Saturday, April 16, 2016
Header Photo: The El Toro dinghy
The previous header photo was of two El Toro dinghies racing. The El Toro is a 8' (2.438 meter) V-shaped, single chine, transom bowed dink, one of the many variations of the 1939 MacGregor Sabot design. Here is the entry for the El Toro in the annual class review issue of One-Design and Offshore Yachtsman magazine, circa mid 1960's.

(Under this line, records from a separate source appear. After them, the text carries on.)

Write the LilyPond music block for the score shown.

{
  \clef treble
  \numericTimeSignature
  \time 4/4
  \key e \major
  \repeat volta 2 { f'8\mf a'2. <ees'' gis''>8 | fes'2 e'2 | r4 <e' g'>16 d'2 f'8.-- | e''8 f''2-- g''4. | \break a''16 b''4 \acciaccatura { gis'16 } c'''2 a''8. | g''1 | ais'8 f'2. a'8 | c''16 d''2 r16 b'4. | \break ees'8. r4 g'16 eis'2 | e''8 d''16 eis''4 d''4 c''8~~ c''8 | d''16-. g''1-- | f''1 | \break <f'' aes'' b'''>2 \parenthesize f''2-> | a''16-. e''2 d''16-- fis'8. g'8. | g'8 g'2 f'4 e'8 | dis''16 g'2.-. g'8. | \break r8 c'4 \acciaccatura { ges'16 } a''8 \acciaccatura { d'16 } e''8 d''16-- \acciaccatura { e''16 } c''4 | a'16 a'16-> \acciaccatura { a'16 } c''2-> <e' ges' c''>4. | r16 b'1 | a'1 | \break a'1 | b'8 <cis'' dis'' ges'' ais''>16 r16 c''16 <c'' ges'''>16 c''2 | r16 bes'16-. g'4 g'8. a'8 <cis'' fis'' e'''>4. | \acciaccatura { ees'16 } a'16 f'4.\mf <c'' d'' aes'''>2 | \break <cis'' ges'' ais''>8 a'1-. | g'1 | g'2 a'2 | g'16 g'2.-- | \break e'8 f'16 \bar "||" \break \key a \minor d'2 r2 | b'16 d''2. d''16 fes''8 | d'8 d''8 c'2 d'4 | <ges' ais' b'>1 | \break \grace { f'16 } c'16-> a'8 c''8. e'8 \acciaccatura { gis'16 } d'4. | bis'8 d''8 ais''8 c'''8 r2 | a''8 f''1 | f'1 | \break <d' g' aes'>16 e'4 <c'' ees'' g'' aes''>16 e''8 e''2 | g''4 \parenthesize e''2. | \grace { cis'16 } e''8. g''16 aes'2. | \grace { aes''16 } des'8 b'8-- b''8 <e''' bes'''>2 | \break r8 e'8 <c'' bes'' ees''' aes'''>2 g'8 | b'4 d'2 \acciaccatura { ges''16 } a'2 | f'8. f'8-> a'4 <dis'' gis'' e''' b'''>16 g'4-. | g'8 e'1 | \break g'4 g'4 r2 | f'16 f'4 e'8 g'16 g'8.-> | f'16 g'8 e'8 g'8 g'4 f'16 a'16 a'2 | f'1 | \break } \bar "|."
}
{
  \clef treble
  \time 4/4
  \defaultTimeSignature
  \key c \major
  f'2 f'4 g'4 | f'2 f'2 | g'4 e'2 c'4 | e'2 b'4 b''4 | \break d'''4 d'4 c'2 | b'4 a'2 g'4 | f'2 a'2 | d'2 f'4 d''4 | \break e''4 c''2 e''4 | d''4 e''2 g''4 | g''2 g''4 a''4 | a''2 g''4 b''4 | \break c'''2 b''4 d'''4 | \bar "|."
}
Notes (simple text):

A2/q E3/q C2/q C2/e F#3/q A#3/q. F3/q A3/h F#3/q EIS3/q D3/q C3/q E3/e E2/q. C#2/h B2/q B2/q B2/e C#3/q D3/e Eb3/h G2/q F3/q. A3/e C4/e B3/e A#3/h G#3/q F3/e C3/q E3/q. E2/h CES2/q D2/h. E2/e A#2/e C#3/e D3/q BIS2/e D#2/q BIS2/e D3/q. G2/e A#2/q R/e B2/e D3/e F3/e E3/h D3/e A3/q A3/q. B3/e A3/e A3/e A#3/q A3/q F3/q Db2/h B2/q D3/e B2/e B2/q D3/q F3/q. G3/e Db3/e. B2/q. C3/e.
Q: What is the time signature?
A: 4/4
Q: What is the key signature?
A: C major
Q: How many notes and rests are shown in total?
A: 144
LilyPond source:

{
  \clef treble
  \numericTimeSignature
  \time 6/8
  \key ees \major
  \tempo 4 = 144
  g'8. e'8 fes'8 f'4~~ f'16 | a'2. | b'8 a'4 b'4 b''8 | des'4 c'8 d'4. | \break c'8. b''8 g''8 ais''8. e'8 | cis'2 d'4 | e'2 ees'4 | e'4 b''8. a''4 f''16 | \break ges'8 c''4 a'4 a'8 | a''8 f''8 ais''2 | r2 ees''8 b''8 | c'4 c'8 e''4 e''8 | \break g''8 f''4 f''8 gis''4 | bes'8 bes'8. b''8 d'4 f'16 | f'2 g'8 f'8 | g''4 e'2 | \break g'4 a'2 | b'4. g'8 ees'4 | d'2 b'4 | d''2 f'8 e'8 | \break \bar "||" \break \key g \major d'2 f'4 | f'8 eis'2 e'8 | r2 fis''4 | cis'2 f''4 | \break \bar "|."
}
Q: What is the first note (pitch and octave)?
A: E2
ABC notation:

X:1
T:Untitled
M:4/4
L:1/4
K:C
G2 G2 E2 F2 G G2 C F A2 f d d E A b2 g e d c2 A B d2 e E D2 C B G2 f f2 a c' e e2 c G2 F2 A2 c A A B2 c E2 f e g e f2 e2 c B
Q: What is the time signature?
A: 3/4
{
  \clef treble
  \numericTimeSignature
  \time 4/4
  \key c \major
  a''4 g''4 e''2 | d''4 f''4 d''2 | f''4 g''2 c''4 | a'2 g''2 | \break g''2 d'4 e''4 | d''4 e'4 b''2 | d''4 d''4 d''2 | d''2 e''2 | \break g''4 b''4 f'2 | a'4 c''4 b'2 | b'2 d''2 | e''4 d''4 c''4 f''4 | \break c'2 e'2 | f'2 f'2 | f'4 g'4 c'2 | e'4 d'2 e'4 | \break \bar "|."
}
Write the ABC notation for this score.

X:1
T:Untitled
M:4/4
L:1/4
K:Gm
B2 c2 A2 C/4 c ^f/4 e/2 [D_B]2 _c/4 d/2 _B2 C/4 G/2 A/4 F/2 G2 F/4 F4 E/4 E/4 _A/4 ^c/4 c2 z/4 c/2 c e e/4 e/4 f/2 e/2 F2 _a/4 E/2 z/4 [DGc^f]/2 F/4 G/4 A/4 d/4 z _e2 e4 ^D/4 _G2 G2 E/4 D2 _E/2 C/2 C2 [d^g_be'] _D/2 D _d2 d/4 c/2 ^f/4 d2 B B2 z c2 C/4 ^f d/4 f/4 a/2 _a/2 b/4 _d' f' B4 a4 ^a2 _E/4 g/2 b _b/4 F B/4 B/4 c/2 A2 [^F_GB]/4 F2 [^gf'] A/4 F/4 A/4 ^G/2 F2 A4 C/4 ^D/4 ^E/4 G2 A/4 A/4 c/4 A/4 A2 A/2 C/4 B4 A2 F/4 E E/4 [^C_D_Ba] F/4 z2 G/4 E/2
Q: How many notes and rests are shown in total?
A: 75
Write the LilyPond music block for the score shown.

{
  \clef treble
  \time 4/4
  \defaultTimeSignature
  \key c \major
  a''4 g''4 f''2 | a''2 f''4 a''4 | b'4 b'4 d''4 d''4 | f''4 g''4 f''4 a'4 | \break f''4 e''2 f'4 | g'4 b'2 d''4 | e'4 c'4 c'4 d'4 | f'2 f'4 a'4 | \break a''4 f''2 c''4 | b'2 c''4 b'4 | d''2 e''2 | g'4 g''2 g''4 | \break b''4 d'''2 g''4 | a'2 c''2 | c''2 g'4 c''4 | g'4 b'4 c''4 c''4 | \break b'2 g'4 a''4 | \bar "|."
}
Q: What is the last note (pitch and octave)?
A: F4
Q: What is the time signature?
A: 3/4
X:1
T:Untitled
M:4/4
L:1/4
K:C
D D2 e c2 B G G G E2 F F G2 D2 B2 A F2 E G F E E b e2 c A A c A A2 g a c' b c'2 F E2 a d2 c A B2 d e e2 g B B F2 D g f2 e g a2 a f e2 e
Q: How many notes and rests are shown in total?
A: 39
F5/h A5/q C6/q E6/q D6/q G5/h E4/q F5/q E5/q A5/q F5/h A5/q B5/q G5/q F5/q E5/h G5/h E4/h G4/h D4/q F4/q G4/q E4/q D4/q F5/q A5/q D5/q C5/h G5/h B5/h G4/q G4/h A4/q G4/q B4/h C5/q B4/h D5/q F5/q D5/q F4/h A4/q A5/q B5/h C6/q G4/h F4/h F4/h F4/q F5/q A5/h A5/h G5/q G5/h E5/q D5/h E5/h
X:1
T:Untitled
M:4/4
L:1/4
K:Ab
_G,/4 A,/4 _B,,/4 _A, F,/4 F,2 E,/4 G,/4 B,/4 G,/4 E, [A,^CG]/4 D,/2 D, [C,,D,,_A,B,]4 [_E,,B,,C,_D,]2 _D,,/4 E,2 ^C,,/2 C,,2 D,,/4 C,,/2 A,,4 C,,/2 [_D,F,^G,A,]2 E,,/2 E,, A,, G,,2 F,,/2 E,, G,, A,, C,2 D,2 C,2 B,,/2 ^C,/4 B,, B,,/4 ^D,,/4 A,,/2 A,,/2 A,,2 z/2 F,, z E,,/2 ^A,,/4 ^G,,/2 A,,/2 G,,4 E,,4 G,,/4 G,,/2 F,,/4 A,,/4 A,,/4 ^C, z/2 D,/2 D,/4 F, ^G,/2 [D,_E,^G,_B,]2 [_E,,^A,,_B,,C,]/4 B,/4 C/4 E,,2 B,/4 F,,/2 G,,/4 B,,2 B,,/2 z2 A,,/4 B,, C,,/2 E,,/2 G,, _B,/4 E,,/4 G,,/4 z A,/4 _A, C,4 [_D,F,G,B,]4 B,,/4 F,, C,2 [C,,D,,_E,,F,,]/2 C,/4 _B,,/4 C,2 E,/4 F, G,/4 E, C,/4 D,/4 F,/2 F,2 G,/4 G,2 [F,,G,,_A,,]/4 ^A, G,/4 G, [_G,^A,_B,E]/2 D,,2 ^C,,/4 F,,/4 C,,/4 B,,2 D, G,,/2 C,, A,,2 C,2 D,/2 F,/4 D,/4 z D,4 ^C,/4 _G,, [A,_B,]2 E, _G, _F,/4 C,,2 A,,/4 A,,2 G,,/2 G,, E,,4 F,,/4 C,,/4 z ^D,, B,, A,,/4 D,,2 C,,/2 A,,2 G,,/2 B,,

I learned to sail in an El Toro. My family moved to Maryland in the early 1960's and we bought a house in a community with a beach and small boat launching. My Dad decided we should learn to sail and for some reason he decided our first boat was going to be the diminuative El Toro, a glass version built in California and sold by a local sailboat dealer. Initially it was my Dad, my brother and I taking it out on Sappington's Creek; learning by doing. My Dad eventually decided the El Toro was too small and bought a 16 foot Rebel sailboat for family sailing. My brother just wasn't into sailing as I was. Through attrition, the El Toro became my personal watercraft, the gateway to endless summer adventures on the Severn River. I have written about some of my experiences in my El Toro dink in this previous post and also this post.
One of my most vivid memories was the first time I capsized the El Toro. As we were learning to sail the El Toro out of Severndale Beach, many times we were also accompanied by two other small wooden sailboats sporting novice sailors; a Wee-Sort 11 footer with jib and an even smaller 6 foot dinghy sailed by a friend who was the same age as me. The 6 foot sailboat was built by the father who also ingeniously made a small trailer for the boat that could be towed behind a bicycle (our community beach was about 1/2 mile and across a busy road from the community).
The day I capsized, both the 6 footer and I, in my El Toro, were sailing just off the community beach. The wind was swirly and gusty and I was dumping the main and rather fearfully watching the gunwhale ship water. Suddenly the 6 footer capsized and there was much shouted instructions from the adults on the dock. Eventually a rowboat was commandeered to traverse the 30 yards to help my friend. I, my ego near bursting, was congratulating myself on handling conditions my friend obviously found too overwhelming, when, wham!, over I went as well. I remember the initial shock and surprise to find myself swimming alongside the sail but then my book-learning kicked in. Per my readings, I had to get on the daggerboard and lever the sailboat back upright. That I did, after some time since I was a scrawny kid, and the El Toro came up, mostly filled with water (this El Toro just had a small bow tank and a small stern tank for flotation). I slithered into the water-logged cockpit, was able to bail some water out and then creep toward shore. I can't remember if I took the mainsail down and paddled in or if I was able to sail in. Either way, I was back on the shore and the adults didn't have to come out to get me.
That was the green light. That capsize and successful self-rescue replaced fear with self-confidence. I was now set to go beyond the creek and to places far into the river.